Die Menschen können sich verändern, wenn sie es müssen. Es scheint oftmals sehr schwer zu sein, dass Menschen ihr Verhalten ändern, aber wenn sie es in einer Krise müssen, zeigte die Krise eben auch, dass es geht. Und die Menschen stellen unter Beweis, dass sie sehr belastbar und widerstandsfähig sind. Aber was ich auch gelernt habe, ist, dass diese Veränderung nicht einfach eine gerade Linie ist, sondern es Auf und Abs gibt. Und je mehr wir aus diesen Restriktionen der Krise herauskommen, desto mehr hoffe ich auch darauf, dass wir Veränderungen sehen: weniger Reisen, weniger CO2-Emissionen, mehr Nachhaltigkeit. Ich setze sehr darauf, dass, je mehr wir zur Normalität zurückkehren, wir auch mehr Sustainability sehen werden.
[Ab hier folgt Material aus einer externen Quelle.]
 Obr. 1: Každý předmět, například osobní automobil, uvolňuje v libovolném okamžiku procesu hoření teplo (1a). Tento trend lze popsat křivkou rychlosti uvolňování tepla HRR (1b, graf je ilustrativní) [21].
Was bedeutet denn diese Normalität?

Genau diese Frage ist meine größte Lehre: Was bedeutet unsere neue Normalität? Denn „Normal“ hat doch für viele Menschen in dieser Welt in der Krise einfach nicht mehr funktioniert. Viele Menschen wie Sie und ich konnten das, was sie tun, von zu Hause aus weiterhin tun. Wir erledigten unsere Arbeit, und wir wurden weiter genauso wie vorher dafür bezahlt. Es gab ein paar Einschränkungen, aber wir haben einfach weitergemacht. Aber es gab andere, die sehr verletzbar waren, etwa im Service-Sektor wie Restaurants et cetera. Viele von ihnen haben ihre Arbeitsplätze verloren. Es waren vielfach eben auch gerade die Jobs, die nicht so anerkannt sind oder nicht so stark von der Gesellschaft honoriert werden. Das sind aber sehr wichtige Arbeitsplätze. Die Krise hat uns allen diese Ungleichheit vor Augen geführt. Sie hat gezeigt: Normalität funktioniert nicht zu jeder Zeit für alle. Vieles ist für viele Menschen sehr unfair verlaufen. Und das zeigt auch, dass unsere Arbeit am Thema Sustainability so wichtig ist.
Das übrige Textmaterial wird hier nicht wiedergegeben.